Parece cosa del lejano oeste, pero ocurrió en estos días y muy cerca de nosotros. Algo que se repite con frecuencia, debe señalarse.
Sin embargo, no resulta sencillo explicar , y explicarnos, este claro regreso de parte de la sociedad argentina a la tribalización más atroz.
Sectores de todo signo pugnan por auto adjudicarse derechos inexistentes, mientras otros se van adueñando de vastas secciones del Estado a expensas de los atribulados ciudadanos que aún quieren creer que no hay sociedad posible sin esfuerzo, trabajo y mérito. Y sin Constitución y leyes, por cierto.

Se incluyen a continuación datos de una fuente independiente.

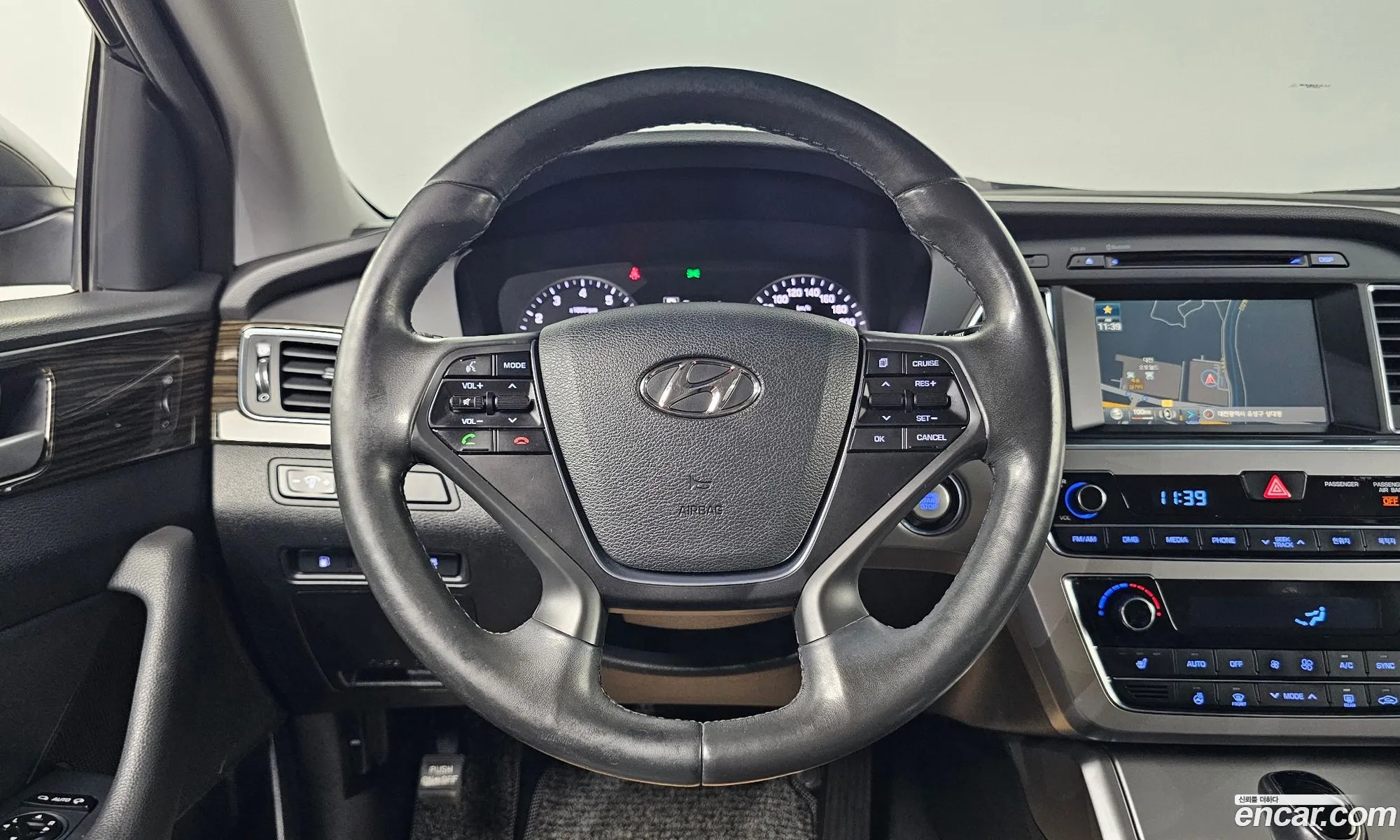 Hyundai LF Sonata 2015 KMHE341CBGA165561 — 21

El escenario es propio de una película apocalíptica, con calles tomadas por organizaciones que se adjudican dudosas representaciones a efectos de sentarse a la mesa en la que se reparten jugosos presupuestos; violentos y facciosos administradores de la pobreza ajena devenidos en interlocutores de un poder mediocre y amedrentado, sumados a quienes toman por la fuerza lo que no les pertenece, ante la complicidad silenciosa de organismos que desde el seno mismo del Gobierno dinamitan cada día el edificio institucional de nuestra Argentina.
No hay en ese marco límite que no pueda ser corrido, y códigos y leyes son reescritos e interpretados a pedido frente al común denominador del miedo que atenaza a intendentes, a gobernadores, a funcionarios, a ministros y hasta a presidentes que practican el arte de la explicación resignada frente a los hechos consumados y muchas veces irreversibles.
Mientras tanto, media sociedad asustada formula votos para no ser victimizada por la otra media sociedad descontrolada.
Hay muchas maneras de nombrar a esto: libanización, balcanización, tribalización, pero el resultado es, en todos los casos, el mismo: el retorno a la ley de la selva ,que carece de leyes, y a la ley de Lynch, que ya se aplica, mientras cada uno toma lo que puede.
Una de las normas no escritas pero harto conocidas de los experimentos totalitarios en el mundo -con mayor énfasis aún en los últimos tiempos- dice que en el comienzo de todo se trata de llegar al poder por medios legítimos para luego proceder a destruir toda forma de legitimidad, a los efectos de impedir que los ciudadanos dispongan de recursos para modificar el rumbo de las cosas.
Muchos entre nosotros trabajan en esa dirección, a espaldas de una sociedad agobiada por meses de una mala cuarentena y de una desastrosa conducción económica, con registros casi africanos de pobreza y de desempleo.
Claramente nos urge recuperar el imperio de la ley. Pero para eso se requiere también de una Justicia activa, equilibrada y sin miedo de actuar ante las presiones de los otros poderes. Lo que no es poco, dadas las circunstancias.
Pues si por un lado, el desprecio o la desaprensión en lo que se relaciona con el respeto a la ley nos puede conducir al autoritarismo, por el otro lado nos lleva a la anomia, a la falta de reglas de cualquier tipo, a la sociedad anarquizada.
Vale decir, una conducción que arremeta con las garantías constitucionales, o un poder débil que no ejerza ninguna conducción son las dos caras de la misma moneda en las que estamos arriesgados de caer si seguimos como vamos.